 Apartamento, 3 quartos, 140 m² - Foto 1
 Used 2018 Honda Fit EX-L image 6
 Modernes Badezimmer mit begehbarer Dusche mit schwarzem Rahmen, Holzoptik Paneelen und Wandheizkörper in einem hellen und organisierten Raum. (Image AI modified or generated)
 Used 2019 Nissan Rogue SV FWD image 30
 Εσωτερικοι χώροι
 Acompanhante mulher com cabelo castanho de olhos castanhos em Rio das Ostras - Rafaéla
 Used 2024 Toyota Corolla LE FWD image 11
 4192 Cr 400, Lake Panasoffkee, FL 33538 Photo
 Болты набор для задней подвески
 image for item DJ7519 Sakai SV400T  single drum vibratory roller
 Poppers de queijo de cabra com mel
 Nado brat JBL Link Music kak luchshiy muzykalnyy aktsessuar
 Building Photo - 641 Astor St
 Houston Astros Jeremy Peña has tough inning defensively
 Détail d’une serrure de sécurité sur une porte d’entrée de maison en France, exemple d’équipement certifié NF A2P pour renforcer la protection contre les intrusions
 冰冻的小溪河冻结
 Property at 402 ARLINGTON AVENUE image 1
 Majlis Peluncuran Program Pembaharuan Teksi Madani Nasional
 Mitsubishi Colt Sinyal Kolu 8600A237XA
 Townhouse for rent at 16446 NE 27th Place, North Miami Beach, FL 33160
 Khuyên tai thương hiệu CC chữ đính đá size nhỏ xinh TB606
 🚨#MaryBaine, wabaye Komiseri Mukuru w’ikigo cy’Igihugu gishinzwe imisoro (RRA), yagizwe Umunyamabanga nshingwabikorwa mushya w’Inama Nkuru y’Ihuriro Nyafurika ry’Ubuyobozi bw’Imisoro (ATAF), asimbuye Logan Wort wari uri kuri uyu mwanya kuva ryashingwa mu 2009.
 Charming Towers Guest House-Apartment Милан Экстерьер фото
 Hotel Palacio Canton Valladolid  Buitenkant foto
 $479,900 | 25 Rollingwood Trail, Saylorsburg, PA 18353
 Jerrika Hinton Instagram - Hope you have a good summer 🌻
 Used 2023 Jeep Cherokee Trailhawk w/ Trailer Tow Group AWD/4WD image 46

----------

Beginning with the line that contains "Mitsubishi Colt Sinyal Kolu 8600A237XA", each line of the records above through the last one must be printed word for word.

-- OUTPUT FOR THIS EXERCISE --
 Mitsubishi Colt Sinyal Kolu 8600A237XA
 Townhouse for rent at 16446 NE 27th Place, North Miami Beach, FL 33160
 Khuyên tai thương hiệu CC chữ đính đá size nhỏ xinh TB606
 🚨#MaryBaine, wabaye Komiseri Mukuru w’ikigo cy’Igihugu gishinzwe imisoro (RRA), yagizwe Umunyamabanga nshingwabikorwa mushya w’Inama Nkuru y’Ihuriro Nyafurika ry’Ubuyobozi bw’Imisoro (ATAF), asimbuye Logan Wort wari uri kuri uyu mwanya kuva ryashingwa mu 2009.
 Charming Towers Guest House-Apartment Милан Экстерьер фото
 Hotel Palacio Canton Valladolid  Buitenkant foto
 $479,900 | 25 Rollingwood Trail, Saylorsburg, PA 18353
 Jerrika Hinton Instagram - Hope you have a good summer 🌻
 Used 2023 Jeep Cherokee Trailhawk w/ Trailer Tow Group AWD/4WD image 46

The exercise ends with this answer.